> **Work to complete**
Report, as a single figure, how many lines in the records below include "knows".

[Saved data entries]
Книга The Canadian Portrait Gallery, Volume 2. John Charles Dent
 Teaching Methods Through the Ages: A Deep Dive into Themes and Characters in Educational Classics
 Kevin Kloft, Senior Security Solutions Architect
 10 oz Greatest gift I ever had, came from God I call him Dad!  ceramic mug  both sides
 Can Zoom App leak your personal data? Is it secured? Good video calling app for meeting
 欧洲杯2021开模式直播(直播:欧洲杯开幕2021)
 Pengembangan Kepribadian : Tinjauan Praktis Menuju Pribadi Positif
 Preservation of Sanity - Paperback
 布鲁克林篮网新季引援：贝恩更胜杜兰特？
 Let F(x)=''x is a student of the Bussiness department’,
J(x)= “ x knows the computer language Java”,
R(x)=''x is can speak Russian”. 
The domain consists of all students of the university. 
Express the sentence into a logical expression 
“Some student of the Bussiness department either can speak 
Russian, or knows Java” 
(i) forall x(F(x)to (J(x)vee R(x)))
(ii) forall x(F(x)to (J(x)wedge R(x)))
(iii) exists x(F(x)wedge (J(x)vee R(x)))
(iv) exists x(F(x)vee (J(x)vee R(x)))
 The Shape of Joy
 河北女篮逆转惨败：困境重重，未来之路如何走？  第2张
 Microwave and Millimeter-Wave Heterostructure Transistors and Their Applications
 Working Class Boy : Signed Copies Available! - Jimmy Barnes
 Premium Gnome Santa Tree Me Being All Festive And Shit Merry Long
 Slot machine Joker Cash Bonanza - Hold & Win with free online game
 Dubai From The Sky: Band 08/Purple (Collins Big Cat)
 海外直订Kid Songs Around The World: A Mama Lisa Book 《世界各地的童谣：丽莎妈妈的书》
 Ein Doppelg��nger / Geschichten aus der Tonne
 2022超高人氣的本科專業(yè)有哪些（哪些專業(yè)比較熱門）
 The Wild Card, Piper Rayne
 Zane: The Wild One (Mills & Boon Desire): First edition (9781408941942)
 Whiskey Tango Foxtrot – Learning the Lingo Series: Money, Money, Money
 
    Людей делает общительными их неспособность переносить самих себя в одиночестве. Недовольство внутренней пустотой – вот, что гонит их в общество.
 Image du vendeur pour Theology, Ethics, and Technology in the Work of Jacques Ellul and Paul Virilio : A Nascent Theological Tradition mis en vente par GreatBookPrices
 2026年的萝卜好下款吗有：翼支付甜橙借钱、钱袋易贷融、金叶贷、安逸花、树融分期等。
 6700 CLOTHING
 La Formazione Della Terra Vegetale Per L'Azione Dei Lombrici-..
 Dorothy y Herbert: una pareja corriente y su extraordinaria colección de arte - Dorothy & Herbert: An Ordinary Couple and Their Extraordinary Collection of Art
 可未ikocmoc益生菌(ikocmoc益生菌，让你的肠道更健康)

> **Task response**
2